## [THE TASK]
When you reach the line with "Hampton Hotel Tullahoma" in the listing below, transcribe it and each line after it up to and including the line with "Laramie 4d image 1", exactly and with nothing else.

## [SUPPLIED RECORDS]
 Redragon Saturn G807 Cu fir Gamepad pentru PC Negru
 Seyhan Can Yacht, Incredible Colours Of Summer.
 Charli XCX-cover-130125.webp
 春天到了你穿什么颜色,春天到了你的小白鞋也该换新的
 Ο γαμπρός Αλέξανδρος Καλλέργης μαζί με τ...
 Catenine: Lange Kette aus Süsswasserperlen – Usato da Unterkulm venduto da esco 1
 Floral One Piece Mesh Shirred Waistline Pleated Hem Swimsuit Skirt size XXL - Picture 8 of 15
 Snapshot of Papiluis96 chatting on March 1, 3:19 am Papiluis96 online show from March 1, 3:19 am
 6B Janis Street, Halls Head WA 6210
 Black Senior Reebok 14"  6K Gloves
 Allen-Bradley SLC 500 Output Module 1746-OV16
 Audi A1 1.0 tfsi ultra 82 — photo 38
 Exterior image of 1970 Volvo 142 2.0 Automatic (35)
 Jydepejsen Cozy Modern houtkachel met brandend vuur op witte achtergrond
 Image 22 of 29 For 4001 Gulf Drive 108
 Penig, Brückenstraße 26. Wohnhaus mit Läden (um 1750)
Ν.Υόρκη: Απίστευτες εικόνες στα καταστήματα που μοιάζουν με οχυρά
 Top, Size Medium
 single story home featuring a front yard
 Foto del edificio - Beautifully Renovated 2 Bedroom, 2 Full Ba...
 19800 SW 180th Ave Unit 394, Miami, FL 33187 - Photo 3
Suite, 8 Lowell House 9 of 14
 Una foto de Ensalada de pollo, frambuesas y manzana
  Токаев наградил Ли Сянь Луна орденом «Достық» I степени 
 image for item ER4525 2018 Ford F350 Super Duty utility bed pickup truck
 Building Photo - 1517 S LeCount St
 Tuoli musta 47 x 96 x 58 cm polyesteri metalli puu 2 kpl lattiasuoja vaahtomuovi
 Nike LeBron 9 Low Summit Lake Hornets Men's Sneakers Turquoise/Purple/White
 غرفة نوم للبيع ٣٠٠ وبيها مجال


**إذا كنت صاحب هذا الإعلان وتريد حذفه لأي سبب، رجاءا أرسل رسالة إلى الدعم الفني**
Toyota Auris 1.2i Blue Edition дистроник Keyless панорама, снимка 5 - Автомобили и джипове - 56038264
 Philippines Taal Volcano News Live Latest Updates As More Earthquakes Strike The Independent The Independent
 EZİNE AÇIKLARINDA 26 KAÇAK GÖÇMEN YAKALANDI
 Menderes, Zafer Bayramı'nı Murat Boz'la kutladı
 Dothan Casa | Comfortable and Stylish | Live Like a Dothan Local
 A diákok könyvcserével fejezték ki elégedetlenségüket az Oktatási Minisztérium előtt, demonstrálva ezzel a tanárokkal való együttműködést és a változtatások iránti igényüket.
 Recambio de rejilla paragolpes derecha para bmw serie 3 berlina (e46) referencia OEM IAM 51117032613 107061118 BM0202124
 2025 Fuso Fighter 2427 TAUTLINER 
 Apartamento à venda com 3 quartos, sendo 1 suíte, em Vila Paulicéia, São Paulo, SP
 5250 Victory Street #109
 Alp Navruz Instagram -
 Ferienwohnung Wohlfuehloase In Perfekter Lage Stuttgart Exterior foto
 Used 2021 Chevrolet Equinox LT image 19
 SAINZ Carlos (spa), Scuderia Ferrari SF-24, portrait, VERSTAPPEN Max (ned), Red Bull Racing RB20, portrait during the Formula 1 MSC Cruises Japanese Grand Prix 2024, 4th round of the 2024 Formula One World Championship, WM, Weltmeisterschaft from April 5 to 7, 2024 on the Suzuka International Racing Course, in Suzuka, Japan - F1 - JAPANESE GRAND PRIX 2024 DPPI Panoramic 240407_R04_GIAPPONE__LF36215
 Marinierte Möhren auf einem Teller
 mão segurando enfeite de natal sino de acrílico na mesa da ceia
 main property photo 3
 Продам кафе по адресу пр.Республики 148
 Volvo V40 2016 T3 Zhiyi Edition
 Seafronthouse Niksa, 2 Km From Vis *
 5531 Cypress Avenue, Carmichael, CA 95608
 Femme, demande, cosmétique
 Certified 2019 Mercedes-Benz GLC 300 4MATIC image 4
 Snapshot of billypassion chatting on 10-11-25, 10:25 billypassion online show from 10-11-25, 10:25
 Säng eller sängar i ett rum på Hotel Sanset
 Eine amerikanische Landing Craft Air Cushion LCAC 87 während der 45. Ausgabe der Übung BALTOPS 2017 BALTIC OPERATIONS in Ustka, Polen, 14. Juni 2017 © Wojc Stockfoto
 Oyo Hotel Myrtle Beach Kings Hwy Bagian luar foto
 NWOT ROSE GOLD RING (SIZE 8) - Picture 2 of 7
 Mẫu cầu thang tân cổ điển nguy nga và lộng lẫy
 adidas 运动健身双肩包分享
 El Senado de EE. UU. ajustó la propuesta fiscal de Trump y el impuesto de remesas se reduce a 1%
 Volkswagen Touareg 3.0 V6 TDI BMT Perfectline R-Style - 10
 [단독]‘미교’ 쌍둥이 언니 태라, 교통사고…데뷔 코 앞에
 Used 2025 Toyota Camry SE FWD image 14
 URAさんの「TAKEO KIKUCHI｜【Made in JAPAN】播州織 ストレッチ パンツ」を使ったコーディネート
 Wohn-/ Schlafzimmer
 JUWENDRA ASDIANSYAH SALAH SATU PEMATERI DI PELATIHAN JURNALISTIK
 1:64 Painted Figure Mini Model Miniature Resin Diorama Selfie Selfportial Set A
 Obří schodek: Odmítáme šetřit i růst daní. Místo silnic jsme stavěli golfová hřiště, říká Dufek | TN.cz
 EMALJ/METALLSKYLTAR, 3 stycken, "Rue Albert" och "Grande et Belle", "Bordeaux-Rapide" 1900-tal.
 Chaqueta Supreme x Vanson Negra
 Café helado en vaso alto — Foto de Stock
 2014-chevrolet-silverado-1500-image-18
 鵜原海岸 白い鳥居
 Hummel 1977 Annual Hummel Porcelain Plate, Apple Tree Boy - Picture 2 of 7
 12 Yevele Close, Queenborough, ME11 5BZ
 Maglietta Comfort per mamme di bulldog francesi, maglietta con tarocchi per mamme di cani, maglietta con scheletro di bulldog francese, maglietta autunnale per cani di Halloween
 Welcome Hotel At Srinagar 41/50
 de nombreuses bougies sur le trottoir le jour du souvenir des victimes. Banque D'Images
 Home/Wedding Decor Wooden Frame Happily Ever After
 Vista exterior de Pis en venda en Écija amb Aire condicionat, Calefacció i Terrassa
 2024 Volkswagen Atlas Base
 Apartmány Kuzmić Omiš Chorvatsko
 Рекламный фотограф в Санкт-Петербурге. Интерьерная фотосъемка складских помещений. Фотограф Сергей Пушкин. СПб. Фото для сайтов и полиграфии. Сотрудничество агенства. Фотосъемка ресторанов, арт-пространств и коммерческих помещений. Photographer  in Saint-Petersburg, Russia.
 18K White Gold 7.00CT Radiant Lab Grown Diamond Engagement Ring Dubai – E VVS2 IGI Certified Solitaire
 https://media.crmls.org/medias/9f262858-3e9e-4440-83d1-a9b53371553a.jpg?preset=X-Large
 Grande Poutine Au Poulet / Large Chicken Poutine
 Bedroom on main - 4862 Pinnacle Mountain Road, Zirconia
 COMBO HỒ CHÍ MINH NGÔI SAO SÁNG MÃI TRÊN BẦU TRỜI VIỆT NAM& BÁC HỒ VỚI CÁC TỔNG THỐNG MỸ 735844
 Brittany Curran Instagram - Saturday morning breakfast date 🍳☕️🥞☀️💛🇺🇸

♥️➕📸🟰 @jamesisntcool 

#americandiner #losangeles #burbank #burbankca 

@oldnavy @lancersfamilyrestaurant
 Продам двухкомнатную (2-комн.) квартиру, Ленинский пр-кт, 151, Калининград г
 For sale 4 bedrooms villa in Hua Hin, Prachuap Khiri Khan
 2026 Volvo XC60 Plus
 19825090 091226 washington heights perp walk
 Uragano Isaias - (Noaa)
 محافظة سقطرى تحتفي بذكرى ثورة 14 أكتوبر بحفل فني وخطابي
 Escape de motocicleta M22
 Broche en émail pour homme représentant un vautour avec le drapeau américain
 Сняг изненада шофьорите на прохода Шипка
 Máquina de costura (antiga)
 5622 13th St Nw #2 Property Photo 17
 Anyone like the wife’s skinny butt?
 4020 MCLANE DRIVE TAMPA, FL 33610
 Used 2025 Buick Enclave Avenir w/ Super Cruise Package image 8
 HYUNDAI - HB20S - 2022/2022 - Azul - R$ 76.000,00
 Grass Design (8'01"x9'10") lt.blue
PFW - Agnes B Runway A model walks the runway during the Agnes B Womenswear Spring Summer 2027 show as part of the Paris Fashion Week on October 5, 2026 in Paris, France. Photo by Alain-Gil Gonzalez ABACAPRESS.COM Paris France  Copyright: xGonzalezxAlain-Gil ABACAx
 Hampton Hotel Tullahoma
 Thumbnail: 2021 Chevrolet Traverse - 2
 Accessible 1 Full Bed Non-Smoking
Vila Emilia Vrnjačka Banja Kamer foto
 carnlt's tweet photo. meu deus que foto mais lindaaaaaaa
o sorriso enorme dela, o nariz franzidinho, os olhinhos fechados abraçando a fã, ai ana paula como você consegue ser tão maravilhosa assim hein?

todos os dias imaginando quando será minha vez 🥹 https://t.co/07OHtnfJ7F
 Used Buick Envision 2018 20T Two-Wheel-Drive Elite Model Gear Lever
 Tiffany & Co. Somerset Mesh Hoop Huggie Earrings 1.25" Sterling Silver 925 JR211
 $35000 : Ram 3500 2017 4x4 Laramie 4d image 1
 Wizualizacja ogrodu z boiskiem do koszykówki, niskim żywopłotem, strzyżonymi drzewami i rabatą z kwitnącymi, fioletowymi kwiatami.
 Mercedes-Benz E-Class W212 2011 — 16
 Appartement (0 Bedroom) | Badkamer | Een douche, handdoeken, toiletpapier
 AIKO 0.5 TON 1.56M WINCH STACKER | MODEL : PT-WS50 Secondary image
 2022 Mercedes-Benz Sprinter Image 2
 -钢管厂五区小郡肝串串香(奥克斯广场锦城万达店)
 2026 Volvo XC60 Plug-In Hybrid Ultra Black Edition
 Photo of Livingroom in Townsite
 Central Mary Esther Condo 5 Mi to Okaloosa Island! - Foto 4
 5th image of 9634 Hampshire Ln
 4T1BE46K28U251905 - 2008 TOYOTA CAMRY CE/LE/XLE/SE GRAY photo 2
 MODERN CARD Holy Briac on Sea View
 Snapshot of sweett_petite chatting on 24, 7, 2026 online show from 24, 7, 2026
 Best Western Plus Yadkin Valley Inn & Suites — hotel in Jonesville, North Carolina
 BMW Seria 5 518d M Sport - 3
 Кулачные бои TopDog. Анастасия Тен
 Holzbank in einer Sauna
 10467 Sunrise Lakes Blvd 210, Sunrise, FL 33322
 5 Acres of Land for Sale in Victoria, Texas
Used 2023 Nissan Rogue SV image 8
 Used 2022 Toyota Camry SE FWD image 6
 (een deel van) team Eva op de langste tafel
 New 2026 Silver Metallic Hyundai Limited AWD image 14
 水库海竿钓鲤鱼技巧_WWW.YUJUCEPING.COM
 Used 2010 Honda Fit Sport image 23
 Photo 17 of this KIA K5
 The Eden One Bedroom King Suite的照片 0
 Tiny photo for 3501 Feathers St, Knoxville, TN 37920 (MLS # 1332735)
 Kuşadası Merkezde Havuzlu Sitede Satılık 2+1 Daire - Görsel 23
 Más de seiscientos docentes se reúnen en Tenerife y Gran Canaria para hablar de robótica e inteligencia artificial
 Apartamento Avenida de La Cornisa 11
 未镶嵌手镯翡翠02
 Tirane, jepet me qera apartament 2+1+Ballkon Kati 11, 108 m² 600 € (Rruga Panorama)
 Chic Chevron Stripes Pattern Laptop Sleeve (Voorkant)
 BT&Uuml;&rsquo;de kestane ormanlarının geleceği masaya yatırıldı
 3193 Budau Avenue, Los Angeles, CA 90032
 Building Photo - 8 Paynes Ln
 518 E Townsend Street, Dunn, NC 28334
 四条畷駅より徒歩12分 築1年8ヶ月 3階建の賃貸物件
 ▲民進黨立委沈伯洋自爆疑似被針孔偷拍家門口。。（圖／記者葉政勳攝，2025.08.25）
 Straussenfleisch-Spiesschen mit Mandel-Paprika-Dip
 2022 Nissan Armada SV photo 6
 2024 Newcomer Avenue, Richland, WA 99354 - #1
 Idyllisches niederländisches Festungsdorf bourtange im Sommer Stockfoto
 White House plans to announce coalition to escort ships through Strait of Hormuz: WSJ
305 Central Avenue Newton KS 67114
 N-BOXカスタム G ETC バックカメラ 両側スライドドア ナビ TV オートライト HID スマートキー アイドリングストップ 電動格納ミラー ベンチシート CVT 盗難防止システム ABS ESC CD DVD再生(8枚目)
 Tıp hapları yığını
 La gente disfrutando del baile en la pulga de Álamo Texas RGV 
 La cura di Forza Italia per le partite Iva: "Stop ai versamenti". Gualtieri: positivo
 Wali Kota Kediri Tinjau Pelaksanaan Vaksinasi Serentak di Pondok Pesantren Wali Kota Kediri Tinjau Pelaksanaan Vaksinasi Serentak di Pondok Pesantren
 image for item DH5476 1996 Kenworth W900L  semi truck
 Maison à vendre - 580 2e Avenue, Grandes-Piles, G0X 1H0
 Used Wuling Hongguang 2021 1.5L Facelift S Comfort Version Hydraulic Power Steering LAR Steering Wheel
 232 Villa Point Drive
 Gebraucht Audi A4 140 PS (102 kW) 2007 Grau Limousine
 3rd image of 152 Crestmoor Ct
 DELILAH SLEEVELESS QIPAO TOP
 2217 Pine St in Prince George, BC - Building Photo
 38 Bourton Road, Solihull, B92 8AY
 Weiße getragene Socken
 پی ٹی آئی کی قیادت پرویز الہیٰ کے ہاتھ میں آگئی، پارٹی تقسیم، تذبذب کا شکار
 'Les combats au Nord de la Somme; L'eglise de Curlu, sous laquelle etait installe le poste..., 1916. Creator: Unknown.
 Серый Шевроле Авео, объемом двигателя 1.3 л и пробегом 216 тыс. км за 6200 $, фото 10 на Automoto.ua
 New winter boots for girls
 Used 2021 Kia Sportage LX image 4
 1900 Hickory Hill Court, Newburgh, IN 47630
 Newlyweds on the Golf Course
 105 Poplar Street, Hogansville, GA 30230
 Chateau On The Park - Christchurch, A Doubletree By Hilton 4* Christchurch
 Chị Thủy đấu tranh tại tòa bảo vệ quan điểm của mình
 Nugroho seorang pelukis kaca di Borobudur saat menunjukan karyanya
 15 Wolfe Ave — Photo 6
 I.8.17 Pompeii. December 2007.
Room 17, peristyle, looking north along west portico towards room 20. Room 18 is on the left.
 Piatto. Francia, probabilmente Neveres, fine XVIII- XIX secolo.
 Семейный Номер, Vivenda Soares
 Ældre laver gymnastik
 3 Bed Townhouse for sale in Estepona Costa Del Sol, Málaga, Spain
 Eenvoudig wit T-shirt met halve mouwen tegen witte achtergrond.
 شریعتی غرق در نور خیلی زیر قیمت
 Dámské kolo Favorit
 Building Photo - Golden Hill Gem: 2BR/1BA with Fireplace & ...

## [ANSWER BOX]
 Hampton Hotel Tullahoma
 Thumbnail: 2021 Chevrolet Traverse - 2
 Accessible 1 Full Bed Non-Smoking
Vila Emilia Vrnjačka Banja Kamer foto
 carnlt's tweet photo. meu deus que foto mais lindaaaaaaa
o sorriso enorme dela, o nariz franzidinho, os olhinhos fechados abraçando a fã, ai ana paula como você consegue ser tão maravilhosa assim hein?

todos os dias imaginando quando será minha vez 🥹 https://t.co/07OHtnfJ7F
 Used Buick Envision 2018 20T Two-Wheel-Drive Elite Model Gear Lever
 Tiffany & Co. Somerset Mesh Hoop Huggie Earrings 1.25" Sterling Silver 925 JR211
 $35000 : Ram 3500 2017 4x4 Laramie 4d image 1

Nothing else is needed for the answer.